> Data records:
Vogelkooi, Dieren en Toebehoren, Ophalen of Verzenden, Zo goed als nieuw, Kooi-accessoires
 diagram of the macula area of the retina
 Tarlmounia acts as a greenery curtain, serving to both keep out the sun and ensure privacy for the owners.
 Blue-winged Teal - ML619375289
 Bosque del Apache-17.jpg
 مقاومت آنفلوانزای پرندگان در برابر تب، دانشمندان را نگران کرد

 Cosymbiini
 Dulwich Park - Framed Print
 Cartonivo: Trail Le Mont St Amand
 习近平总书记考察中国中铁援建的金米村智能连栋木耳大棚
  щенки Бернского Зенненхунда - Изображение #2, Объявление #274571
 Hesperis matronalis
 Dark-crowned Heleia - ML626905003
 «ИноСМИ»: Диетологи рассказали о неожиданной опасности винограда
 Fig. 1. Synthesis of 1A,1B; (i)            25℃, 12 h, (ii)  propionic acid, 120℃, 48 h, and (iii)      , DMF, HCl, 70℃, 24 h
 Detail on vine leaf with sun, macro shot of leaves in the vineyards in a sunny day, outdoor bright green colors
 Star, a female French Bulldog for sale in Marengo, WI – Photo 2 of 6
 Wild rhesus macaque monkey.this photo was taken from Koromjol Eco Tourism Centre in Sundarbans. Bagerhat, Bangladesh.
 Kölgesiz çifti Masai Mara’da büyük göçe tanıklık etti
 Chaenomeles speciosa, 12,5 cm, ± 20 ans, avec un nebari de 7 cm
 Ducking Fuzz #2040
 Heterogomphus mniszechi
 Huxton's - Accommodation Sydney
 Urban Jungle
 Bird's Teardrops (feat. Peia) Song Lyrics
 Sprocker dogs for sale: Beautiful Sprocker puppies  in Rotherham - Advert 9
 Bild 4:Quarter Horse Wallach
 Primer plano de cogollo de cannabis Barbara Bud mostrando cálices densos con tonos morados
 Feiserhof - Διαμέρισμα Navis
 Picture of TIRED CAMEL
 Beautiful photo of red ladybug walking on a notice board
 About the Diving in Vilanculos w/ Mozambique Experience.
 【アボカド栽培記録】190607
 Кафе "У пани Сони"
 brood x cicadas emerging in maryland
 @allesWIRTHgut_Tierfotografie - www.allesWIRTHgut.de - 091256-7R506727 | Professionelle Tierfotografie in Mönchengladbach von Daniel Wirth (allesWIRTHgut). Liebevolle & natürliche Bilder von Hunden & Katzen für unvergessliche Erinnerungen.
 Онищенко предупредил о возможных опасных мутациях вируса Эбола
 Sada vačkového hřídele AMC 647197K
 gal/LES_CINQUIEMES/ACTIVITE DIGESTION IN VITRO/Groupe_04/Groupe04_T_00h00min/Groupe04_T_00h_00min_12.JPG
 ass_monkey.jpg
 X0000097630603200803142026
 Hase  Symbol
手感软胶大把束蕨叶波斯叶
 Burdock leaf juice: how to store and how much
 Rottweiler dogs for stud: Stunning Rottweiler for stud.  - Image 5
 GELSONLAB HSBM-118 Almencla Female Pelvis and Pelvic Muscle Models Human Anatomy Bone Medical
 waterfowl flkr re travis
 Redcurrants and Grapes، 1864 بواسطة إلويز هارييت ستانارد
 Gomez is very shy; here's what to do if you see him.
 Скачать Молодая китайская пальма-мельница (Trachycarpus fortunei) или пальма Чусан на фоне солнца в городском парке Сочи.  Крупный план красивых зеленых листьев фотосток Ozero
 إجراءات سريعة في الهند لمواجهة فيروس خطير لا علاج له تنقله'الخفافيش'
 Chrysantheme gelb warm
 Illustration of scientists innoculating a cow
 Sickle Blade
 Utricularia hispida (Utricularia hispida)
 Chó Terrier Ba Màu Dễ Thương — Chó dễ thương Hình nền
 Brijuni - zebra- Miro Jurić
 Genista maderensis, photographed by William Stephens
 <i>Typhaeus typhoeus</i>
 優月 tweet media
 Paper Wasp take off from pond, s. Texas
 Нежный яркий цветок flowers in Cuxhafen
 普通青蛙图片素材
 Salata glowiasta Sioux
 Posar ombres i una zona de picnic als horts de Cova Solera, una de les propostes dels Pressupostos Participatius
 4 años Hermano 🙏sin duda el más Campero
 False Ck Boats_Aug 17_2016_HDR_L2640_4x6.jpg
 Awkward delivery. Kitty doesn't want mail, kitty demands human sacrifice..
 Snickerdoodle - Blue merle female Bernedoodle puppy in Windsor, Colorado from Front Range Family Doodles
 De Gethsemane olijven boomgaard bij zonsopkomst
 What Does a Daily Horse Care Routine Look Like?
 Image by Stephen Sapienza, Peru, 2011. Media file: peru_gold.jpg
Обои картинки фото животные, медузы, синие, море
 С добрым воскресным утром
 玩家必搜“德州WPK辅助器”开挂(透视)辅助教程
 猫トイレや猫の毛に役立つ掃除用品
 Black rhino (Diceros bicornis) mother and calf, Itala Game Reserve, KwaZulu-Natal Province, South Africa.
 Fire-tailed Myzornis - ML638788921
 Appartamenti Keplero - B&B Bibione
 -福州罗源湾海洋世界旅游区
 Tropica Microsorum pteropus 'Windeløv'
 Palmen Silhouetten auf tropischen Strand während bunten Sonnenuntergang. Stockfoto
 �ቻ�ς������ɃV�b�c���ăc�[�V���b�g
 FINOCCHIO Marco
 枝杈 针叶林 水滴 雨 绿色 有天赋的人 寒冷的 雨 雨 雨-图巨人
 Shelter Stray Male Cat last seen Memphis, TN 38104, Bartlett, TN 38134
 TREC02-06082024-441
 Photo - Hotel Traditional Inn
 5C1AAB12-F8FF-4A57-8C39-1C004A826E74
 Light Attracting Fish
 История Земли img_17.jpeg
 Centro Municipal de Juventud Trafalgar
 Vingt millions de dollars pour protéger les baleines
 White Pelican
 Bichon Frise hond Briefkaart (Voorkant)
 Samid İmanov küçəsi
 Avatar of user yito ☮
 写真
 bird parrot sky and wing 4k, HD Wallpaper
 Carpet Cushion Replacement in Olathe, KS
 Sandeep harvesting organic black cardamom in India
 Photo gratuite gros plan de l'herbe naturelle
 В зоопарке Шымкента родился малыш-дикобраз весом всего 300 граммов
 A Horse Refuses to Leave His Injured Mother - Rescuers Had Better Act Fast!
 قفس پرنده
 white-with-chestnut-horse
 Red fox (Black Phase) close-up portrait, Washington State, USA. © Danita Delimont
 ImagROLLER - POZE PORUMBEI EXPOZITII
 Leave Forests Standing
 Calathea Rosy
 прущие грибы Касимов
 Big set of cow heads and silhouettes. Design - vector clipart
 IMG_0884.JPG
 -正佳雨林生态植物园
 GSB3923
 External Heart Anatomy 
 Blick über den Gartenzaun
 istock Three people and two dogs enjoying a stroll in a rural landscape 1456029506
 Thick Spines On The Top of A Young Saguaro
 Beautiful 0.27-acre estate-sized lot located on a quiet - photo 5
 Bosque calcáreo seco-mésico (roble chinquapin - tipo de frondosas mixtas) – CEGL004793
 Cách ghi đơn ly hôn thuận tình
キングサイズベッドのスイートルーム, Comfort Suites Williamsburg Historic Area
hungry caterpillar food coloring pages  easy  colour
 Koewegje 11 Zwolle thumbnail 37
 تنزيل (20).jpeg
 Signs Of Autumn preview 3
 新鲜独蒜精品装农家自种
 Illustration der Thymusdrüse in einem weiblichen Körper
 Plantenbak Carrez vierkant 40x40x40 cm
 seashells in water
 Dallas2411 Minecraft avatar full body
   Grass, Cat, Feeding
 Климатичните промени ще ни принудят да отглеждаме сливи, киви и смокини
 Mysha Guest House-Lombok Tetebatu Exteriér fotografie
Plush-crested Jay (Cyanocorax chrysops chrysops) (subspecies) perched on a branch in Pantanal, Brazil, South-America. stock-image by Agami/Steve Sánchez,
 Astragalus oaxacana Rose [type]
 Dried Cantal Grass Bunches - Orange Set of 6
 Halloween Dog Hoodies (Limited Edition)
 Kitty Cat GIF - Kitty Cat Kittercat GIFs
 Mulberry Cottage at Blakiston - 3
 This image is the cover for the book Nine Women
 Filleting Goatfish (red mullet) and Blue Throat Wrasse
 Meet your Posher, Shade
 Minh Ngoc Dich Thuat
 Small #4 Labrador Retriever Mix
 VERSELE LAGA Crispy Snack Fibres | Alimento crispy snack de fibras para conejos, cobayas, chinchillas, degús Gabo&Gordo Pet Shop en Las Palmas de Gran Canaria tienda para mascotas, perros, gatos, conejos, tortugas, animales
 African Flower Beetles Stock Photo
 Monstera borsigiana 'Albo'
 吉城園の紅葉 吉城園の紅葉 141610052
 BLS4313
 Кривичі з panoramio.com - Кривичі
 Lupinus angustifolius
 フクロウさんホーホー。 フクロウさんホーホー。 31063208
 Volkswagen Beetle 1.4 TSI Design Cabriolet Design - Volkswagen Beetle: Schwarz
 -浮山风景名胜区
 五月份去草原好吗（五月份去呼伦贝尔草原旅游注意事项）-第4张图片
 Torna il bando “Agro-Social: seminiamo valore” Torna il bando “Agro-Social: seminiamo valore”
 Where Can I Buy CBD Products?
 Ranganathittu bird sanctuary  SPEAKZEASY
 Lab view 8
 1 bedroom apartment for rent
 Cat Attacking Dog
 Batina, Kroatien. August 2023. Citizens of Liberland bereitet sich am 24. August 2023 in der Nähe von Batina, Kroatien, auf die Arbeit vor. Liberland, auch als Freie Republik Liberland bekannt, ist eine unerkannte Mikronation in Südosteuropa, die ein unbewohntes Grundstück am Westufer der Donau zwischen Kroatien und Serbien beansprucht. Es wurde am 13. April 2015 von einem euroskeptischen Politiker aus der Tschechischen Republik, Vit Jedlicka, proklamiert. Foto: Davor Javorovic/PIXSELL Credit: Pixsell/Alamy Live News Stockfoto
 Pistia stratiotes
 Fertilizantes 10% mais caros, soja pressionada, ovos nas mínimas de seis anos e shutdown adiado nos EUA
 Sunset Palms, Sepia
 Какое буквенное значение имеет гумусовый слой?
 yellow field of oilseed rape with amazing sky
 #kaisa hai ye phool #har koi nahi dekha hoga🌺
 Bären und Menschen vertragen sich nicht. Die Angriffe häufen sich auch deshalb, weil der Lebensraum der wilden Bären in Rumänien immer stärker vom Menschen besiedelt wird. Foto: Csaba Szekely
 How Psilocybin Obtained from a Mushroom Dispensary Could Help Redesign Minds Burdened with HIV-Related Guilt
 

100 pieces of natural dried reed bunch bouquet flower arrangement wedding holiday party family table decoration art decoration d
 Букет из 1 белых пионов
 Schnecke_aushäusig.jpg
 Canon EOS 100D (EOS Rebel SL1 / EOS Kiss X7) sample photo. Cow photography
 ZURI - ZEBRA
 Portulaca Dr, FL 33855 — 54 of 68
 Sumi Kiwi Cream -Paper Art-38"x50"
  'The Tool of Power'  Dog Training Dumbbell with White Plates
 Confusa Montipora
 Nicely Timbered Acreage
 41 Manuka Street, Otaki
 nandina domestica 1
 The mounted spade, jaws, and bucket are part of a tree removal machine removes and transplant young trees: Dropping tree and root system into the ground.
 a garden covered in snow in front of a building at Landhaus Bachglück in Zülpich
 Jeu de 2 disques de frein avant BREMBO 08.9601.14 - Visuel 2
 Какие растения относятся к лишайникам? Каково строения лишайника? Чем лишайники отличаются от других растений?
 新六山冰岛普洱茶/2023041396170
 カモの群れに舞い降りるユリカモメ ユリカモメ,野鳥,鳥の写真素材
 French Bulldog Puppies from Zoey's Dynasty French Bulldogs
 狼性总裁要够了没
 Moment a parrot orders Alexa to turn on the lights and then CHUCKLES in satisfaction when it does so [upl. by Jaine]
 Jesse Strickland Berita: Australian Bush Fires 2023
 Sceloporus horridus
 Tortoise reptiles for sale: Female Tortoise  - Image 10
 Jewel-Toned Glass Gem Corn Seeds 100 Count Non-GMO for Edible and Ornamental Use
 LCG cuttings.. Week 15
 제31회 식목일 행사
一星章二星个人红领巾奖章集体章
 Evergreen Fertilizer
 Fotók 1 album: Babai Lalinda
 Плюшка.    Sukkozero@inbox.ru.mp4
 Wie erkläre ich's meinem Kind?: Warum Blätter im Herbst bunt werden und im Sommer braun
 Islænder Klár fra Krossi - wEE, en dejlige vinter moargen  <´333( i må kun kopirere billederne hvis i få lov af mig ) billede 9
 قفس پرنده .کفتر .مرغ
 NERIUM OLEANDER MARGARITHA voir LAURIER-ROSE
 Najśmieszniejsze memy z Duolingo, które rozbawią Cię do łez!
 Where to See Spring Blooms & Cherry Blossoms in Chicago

> Task instructions:
Transcribe the records above from the line holding "Beautiful 0.27-acre estate-sized" down to the line holding "Grass, Cat, Feeding", inclusive, without adding anything.

> Finished exercise:
 Beautiful 0.27-acre estate-sized lot located on a quiet - photo 5
 Bosque calcáreo seco-mésico (roble chinquapin - tipo de frondosas mixtas) – CEGL004793
 Cách ghi đơn ly hôn thuận tình
キングサイズベッドのスイートルーム, Comfort Suites Williamsburg Historic Area
hungry caterpillar food coloring pages  easy  colour
 Koewegje 11 Zwolle thumbnail 37
 تنزيل (20).jpeg
 Signs Of Autumn preview 3
 新鲜独蒜精品装农家自种
 Illustration der Thymusdrüse in einem weiblichen Körper
 Plantenbak Carrez vierkant 40x40x40 cm
 seashells in water
 Dallas2411 Minecraft avatar full body
   Grass, Cat, Feeding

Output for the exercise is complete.